One Friedman away from fragging and mutiny

Posted by Charles II on March 1, 2007

Tisdall, Gruadnia:

An elite team of officers advising the US commander, General David Petraeus, in Baghdad has concluded that they have six months to win the war in Iraq – or face a Vietnam-style collapse in political and public support that could force the military into a hasty retreat…

The main obstacles confronting Gen Petraeus’s team are:

  • Insufficient troops on the ground
  • A “disintegrating” international coalition
  • An anticipated increase in violence in the south as the British leave
  • Morale problems as casualties rise
  • A failure of political will in Washington and/or Baghdad.

The team is an unusual mix of combat experience and academic achievement. It includes Colonel Peter Mansoor, a former armoured division commander with a PhD in the history of infantry; Colonel HR McMaster, author of a well-known critique of Vietnam and a seasoned counter-insurgency operations chief; Lt-Col David Kilcullen, a seconded Australian officer and expert on Islamism; and Colonel Michael Meese, son of the former US attorney-general Edwin Meese, who was a member of the ill-fated Iraq Study Group…

“Additional troops are essential if we are to win,” said Lt-Col John Nagel, co-author of the [counterinsurgency] manual, in an address at the US Naval Institute in San Diego last month. One soldier for every 50 civilians in the most intense conflict areas [corresponding to about 300,000-500,000 combat troops] was key to successful counter-insurgency work.

Not to worry. No matter that Iraq has gone on longer than WW II without a single discernible victory, no matter that the rest of the world long ago walked away from the mess, the Publicans will blame us, same as for everything else.

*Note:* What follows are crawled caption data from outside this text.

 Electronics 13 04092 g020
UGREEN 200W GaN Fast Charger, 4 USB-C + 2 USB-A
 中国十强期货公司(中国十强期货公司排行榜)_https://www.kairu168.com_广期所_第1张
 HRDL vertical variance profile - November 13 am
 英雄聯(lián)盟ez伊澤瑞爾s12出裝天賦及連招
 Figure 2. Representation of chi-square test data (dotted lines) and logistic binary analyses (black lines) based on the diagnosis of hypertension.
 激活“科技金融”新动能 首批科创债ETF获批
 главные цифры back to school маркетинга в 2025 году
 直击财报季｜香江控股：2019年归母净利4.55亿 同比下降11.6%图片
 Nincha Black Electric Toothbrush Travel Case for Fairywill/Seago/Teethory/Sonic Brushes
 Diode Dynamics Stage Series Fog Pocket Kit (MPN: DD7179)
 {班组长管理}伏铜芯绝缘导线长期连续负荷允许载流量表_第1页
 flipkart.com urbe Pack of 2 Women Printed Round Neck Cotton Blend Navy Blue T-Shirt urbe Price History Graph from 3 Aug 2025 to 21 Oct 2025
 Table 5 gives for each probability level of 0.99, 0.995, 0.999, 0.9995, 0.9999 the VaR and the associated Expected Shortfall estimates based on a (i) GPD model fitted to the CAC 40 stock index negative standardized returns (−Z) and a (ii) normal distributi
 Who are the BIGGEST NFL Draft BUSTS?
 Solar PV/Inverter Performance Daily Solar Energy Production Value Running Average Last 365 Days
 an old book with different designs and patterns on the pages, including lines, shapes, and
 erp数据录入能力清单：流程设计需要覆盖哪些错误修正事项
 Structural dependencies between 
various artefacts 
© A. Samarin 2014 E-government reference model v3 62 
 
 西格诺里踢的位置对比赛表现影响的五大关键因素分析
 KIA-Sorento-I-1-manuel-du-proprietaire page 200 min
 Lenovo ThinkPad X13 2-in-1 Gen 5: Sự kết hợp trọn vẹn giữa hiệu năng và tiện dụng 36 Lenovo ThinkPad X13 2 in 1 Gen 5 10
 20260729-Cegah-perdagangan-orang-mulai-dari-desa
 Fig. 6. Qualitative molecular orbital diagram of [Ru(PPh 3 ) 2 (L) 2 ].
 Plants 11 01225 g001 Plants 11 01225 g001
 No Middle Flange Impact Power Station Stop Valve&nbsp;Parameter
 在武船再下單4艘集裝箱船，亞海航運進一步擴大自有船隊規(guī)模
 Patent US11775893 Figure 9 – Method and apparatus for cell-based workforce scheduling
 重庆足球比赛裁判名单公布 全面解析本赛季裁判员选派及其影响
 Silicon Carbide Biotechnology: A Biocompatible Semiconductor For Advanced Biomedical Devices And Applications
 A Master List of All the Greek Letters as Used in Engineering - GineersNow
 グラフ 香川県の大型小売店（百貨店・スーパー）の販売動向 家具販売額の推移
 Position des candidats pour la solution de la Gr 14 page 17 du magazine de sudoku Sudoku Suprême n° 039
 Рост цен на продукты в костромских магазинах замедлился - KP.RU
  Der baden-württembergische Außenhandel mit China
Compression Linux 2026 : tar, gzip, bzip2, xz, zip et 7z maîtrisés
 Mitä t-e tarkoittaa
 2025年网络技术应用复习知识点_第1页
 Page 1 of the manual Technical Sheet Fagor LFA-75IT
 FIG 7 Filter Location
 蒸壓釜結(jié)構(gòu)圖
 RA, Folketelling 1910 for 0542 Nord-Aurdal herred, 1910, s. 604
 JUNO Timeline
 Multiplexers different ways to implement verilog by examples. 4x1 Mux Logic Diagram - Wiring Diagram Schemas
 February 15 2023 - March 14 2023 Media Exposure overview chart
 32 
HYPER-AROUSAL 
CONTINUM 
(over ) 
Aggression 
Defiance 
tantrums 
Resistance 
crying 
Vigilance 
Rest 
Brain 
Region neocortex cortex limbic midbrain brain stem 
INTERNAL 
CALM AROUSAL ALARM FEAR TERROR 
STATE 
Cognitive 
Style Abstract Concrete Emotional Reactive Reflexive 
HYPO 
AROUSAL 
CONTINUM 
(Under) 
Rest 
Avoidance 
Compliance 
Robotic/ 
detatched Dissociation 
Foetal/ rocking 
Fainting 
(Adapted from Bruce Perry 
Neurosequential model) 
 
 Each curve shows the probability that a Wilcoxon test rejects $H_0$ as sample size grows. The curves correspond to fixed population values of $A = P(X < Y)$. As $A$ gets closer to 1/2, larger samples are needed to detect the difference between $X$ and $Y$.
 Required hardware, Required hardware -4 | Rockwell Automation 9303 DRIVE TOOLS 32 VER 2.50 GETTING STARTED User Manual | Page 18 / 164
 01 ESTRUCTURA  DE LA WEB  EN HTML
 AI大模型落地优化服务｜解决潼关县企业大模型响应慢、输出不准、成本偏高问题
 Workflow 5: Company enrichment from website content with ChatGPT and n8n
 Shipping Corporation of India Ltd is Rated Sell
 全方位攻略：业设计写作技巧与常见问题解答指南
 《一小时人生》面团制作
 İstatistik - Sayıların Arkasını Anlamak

9 Responses to “One Friedman away from fragging and mutiny”

  1. Steve Gilliard over at News Blog has been taking lots of guff from people accusing him of blowing smoke when he says that our forces in Iraq are about to give up en masse. This just shows that’s he’s right.

  2. Charles said

    Vietnam syndrome doesn’t work quite that way, PW. It’s more like the people who do the fighting gradually start to resent the people who send them in.

    For example, as you may know, one of the members of our family is in the military. The families had a fund to run parties and provide bits of help here and there. All the money came from them. Suddenly, the base commander seized the fund, claiming it wasn’t being administered properly. I don’t know whether his allegations of mismanagement were true or not, but I know that seizure was widely viewed as an act of contempt for all the families.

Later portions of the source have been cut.